Mosque in Ganja, Azerbaijan

The Ozan Mosque (Ozan Məscidi; مسجد أوزان (كنجه)) is a mosque and historical architectural monument, located in the city of Ganja, Azerbaijan.

Built in 1884, the mosque was included in the list of immovable historical and cultural monuments of local significance by Decision No. 132 of the Cabinet of Ministers of the Republic of Azerbaijan on August 2, 2001.

== Overview ==
The Ozan Mosque was built in 1884 in the city of Ganja at the expense of the residents of the Ozan neighborhood. However, the inscription on the arch above the entrance states the construction date as 1786. The total area of the building is 358 m², while the usable area is 224 m2. The main part of the mosque is a square-shaped prayer hall covered by a dome. There are two auxiliary rooms on the sides.

In issue 12 of the Molla Nasreddin magazine from 1907, it was reported that 2,000 manats were collected in 1906 for the repair of the mosque with the help of residents of the Ozan neighborhood.

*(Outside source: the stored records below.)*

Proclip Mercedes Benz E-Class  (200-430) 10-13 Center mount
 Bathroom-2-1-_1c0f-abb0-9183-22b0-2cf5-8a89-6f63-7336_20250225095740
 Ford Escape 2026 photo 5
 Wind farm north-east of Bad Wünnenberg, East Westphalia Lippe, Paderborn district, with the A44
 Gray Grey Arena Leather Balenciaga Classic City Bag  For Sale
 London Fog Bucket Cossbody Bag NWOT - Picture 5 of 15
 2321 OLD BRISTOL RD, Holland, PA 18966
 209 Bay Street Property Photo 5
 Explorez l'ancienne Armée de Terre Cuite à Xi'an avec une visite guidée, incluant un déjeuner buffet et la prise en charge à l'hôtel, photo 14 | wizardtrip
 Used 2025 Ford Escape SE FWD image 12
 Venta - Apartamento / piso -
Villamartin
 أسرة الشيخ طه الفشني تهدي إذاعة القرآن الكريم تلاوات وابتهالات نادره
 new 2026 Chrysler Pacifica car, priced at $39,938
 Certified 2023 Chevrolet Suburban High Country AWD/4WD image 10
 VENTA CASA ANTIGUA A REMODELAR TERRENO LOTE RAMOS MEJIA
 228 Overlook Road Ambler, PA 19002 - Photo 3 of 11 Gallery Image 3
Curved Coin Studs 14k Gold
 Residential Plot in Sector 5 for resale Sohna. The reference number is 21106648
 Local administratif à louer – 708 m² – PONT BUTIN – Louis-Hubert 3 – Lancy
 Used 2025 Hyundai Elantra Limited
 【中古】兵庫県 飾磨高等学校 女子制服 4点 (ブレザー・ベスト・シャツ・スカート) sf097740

In 1920, during the Ganja uprising, part of the mosque was destroyed by cannon fire from the Bolsheviks who besieged the city. Additionally, during the suppression of the uprising, residents who had taken refuge in the mosque were burned alive inside. Mammad Altunbay, a military pilot and émigré originally from Ganja, personally witnessed the events in the mosque. He wrote about them in his book, published in Ankara in 1989. In his book, he notes that:

In the center of the Ozan Mosque, the charred bodies of hundreds of people twisted by the fire created a horrifying scene... The blood and fat of the innocent people burned alive flowed out from under the charred door. Among the corpses, there were faces, hands, feet, and braids that, though not completely burned, had turned black, further amplifying the immense horror of the tragedy. At the other end of the street, five or six Armenians were playing the accordion.

After the Soviet occupation of Azerbaijan, an official campaign against religion began in 1928. In December of that year, the Central Committee of the Communist Party of Azerbaijan transferred many mosques, churches, and synagogues to the balance of clubs for educational purposes. While there were 3,000 mosques in Azerbaijan in 1917, this number decreased to 1,700 in 1927, 1,369 in 1928, and only 17 by 1933. The Ozan Mosque was closed to worship during this period. The building was initially used as a workshop for the blind and later as a grocery store. In 1979, the mosque building was restored. Paintings were created on its interior walls by artist Rustam Huseynquliyev. The building housed a Nizami memorial museum and a bookshop.

After Azerbaijan regained its independence, the mosque was included in the list of immovable historical and cultural monuments of local significance by Decision No. 132 of the Cabinet of Ministers of the Republic of Azerbaijan on August 2, 2001.

Currently, a library operates in the mosque.